Further miniaturization and integration into a single microfluidic substrate can open the doors to a number of µTesla based lab-on-a-chip applications. In order to achieve this, three future improvements should be made: (1) The print resolution can be improved, either through higher print resolution or lower surface tension platforms used in competing DLP systems; (2) the fluid path along the axial holes and the spout apertures needs to be optimized to account for differential pressure drops across the disks [38]; (3) electromagnetic integration would eliminate the stir plate and provide a self-powered device that can be visualized under both upright and inverted microscopes. Future studies on the temporal responses of the µTesla’s flow, both through simulation and flow visualization between the disks (a challenging task at the microscale level) can also reveal additional performance and efficiency characteristics of the µTesla pump.

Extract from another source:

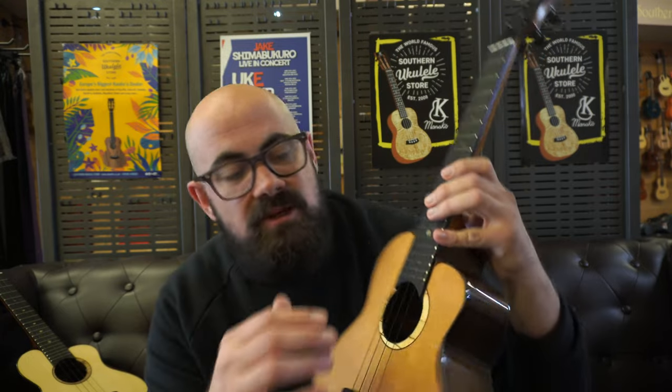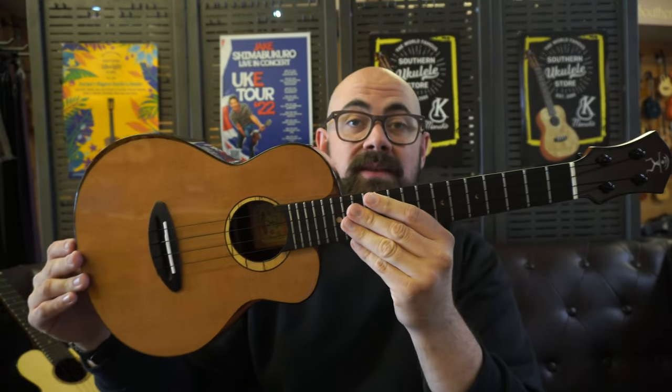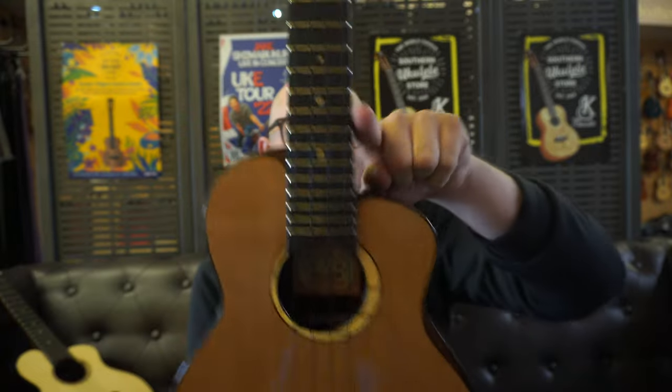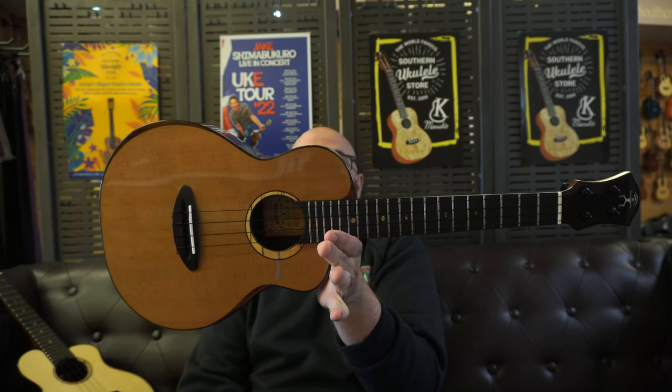You have a paddle headstock with Goto planetary tuners. The other thing to note about the moon bird designs is that the body actually looks a different shape to what it is — that's because they very cleverly inlay pieces of rosewood here to taper in the aesthetic look of the instrument. It's part of the reason everyone loves the look of the moon bird, and it's been replicated here with the cedar bird. You have a cutaway, a really sharp cutaway for upper fret access, and the ukulele balances so well. I'm trying to hold it completely flat, and I am. There's a little bit of movement, but it balances so well.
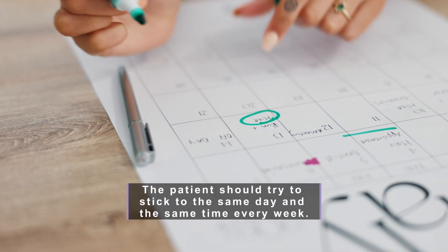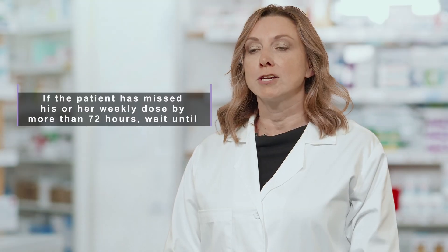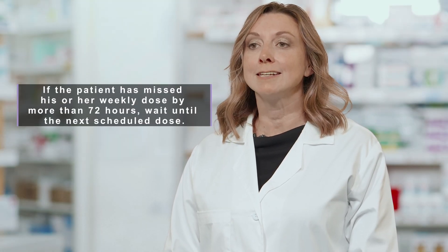Usually the dose is only once a week. The patient should try to stick to the same day and same time every week. If the patient has missed their weekly dose by more than 72 hours, wait until the next scheduled dose.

These works represent many exciting research directions this current work may lead to in the future.

6. Conclusions

A miniaturized Tesla turbine fluidic pump was designed and fabricated using DLP based 3D printing. The turbine geometries were designed with low Reynolds number of 1000. The DLP lithography 3D printing required the optimization of feature sizes, support structures, and gap to platform distances to minimize surface tension and residual stress that may warp the printed parts. The resultant µTesla pumps were coupled magnetically to a lab stirring plate to provide rotor actuation up to 1200 rpm, where it achieved a pump pressure of 253 Pa and maximum flow greater than 12 mL/min. Coupling this µTesla pump to a microchannel mixer with Tesla-valve inspired geometries generated gradients using color dyes. In this manner, a complete pump-and-microfluidic system was realized based on Tesla’s fluidic theories. Future miniaturization by optimizing the print resolution and integrating electronics has the potential to create a low cost, low complexity, self-powered, unified lab-on-a-chip device for bioassay applications.